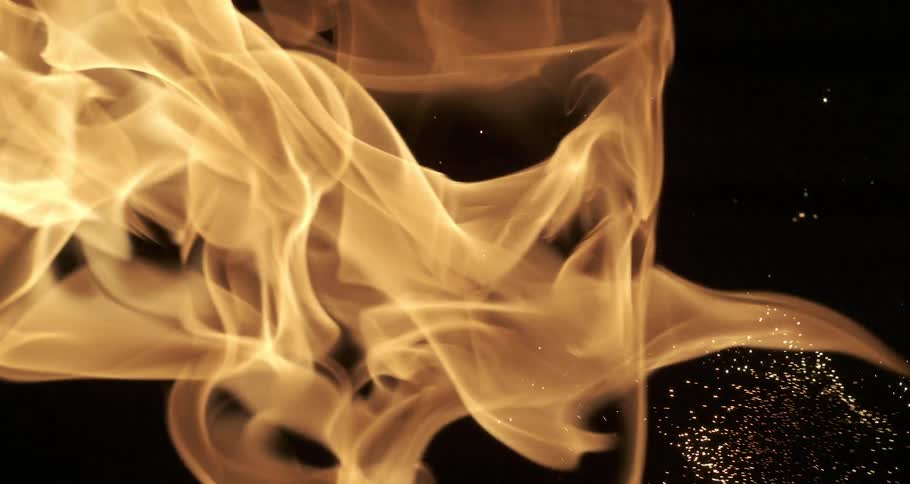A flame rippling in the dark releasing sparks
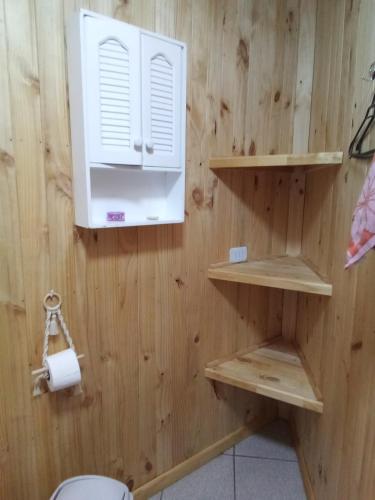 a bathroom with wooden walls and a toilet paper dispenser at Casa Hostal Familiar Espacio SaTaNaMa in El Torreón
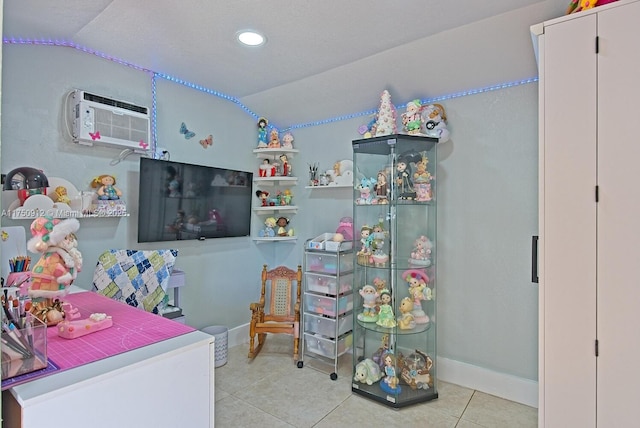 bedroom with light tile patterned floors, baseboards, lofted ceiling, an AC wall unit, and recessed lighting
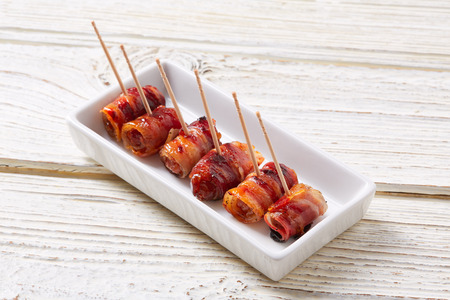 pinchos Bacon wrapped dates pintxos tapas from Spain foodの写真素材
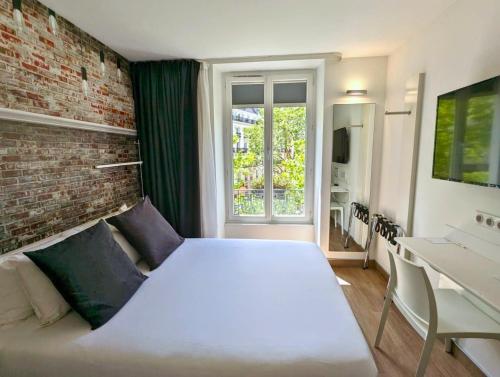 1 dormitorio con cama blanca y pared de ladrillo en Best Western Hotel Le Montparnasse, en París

...

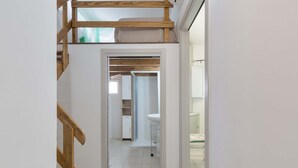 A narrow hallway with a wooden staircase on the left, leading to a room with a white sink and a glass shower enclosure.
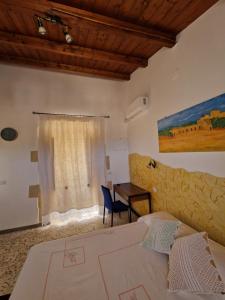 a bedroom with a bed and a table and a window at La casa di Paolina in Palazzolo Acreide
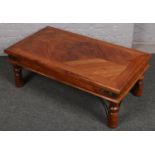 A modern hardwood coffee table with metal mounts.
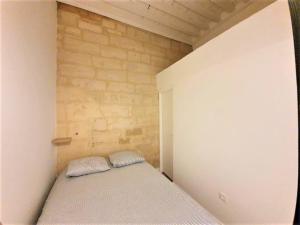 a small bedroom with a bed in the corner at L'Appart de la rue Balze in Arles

WHAT THE TASK REQUIRES → Transcribe exactly the lines above, beginning at the one with "A flame rippling in the dark releasing sparks" and going up to and including the one with "1 dormitorio con". Pictures do not belong in the copy.

SOLUTION TO THIS PROBLEM →
A flame rippling in the dark releasing sparks
 a bathroom with wooden walls and a toilet paper dispenser at Casa Hostal Familiar Espacio SaTaNaMa in El Torreón
 bedroom with light tile patterned floors, baseboards, lofted ceiling, an AC wall unit, and recessed lighting
 pinchos Bacon wrapped dates pintxos tapas from Spain foodの写真素材
 1 dormitorio con cama blanca y pared de ladrillo en Best Western Hotel Le Montparnasse, en París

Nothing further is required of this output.